[RFC] [ETHOSN] Arm Ethos-N integration

Leo-arm · May 15, 2020, 7:46am

Motivation and Scope

The Arm Ethos-N series is an high throughput, low area neural network processor for ML inference from cloud to edge to endpoint. This processor and software driver stack supports a variety of popular neural networks, including CNNs and RNNs, for classification, object detection, image enhancements, speech recognition and natural language understanding. Arm has recently open-sourced the ethos-n-driver-stack. The intention of this RFC is to integrate the driver stack into TVM so operations supported by the stack can be offloaded to the Ethos-N neural network processors.

Proposal

Over the past several months, work has been ongoing in the area of graph partitioning. We propose to build on top of this work by defining merge-composite patterns that partition the Relay graph into sections that can be offloaded by the bring-your-own compiler (BYOC) infrastructure. The Ethos-N driver stack provides a compiler front-end, the Support Library (SL), that accepts a graph structure similar to the Relay graph structure. The “compile” phase of the BYOC passes the Relay operators to the SL which builds an internal graph. This graph is then compiled into a command-stream; a description of processing steps required to execute the inference on the Ethos-N processors. The command stream is included in the generated module as a blob.

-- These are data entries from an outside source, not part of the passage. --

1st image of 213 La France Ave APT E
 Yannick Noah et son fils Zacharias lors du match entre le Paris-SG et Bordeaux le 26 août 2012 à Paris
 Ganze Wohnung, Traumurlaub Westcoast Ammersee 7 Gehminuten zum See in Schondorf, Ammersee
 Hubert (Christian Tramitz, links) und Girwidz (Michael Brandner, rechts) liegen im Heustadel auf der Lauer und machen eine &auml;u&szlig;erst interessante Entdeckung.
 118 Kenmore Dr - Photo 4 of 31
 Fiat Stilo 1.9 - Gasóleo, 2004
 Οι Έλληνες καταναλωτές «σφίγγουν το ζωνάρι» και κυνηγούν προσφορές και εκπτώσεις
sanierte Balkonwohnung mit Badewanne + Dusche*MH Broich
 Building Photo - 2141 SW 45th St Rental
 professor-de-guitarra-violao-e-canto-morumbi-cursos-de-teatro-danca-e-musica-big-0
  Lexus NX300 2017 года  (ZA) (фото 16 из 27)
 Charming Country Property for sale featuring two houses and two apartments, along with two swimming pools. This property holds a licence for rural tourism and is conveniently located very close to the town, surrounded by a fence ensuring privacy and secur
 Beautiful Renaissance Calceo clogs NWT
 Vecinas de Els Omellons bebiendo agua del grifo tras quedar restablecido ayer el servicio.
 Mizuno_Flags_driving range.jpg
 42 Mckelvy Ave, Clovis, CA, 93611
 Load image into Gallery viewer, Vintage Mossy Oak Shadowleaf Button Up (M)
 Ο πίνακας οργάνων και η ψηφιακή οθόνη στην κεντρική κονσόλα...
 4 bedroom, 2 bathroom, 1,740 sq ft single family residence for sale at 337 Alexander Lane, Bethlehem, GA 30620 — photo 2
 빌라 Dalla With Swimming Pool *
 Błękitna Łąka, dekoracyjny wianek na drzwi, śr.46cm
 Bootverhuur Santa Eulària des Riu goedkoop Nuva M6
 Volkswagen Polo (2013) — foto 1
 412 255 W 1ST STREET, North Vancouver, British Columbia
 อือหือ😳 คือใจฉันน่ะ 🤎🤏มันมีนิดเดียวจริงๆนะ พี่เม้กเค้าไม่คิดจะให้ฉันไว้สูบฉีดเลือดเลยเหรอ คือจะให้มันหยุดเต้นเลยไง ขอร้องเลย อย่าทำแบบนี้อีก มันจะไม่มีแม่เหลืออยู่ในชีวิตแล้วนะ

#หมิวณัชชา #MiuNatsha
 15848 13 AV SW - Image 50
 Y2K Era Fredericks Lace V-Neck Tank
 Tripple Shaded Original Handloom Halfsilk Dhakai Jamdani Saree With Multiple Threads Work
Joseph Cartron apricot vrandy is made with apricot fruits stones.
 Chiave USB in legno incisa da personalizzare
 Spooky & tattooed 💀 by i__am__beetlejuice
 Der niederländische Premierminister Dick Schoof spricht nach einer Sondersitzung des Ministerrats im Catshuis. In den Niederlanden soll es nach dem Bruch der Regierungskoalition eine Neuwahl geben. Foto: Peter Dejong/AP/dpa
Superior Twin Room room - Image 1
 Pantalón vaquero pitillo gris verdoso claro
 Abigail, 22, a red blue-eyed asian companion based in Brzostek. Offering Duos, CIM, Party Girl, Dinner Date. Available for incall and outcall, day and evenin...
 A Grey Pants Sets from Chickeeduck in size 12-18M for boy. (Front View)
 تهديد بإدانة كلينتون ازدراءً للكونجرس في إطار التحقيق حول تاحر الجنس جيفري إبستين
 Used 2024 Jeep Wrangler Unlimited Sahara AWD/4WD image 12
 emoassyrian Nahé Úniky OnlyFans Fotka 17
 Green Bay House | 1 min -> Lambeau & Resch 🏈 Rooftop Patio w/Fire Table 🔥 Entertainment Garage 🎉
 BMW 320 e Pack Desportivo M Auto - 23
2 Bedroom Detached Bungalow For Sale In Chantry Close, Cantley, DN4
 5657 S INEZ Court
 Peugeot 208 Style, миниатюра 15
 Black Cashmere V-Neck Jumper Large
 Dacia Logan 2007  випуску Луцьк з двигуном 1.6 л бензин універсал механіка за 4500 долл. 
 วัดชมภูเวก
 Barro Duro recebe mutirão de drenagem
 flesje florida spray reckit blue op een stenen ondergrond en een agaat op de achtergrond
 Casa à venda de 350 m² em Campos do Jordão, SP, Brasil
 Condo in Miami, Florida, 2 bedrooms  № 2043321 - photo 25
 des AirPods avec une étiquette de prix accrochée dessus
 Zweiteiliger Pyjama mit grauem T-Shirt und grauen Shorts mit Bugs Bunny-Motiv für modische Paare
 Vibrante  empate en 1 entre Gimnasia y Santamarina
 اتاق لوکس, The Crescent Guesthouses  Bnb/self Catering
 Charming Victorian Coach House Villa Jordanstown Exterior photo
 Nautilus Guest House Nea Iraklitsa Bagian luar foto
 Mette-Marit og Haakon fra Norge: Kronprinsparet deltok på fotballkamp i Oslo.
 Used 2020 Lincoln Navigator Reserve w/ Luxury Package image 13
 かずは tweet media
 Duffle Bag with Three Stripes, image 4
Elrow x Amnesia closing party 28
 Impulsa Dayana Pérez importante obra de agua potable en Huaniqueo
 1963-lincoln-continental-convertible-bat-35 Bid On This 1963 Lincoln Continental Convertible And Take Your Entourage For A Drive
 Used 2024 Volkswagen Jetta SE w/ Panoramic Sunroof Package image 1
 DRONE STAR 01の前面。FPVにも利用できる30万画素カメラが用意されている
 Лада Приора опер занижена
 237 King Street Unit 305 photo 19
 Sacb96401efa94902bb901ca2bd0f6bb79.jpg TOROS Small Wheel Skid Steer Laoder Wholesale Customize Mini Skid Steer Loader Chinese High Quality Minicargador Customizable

The packed function that is also generated by the the BYOC infrastructure calls into a runtime Inference function, passing in the command stream. This functions sets up the necessary buffers if required. The command stream is then executed by a driver library included in the ethos-N driver stack.

A conversion needs to take place between the Relay operators and the SL operators, e.g. for tensor descriptors and attributes, and some operations in Relay are combined in the SL. This conversion takes place when the composite functions are processed and handed over to the SL.

TVM supports a larger range of operators that the Ethos-N processor. In order to determine what is supported on Ethos-N, the SL supports an IsSupported() query mechanism. This will be used in the existing “check functions” as implemented in PR 5261.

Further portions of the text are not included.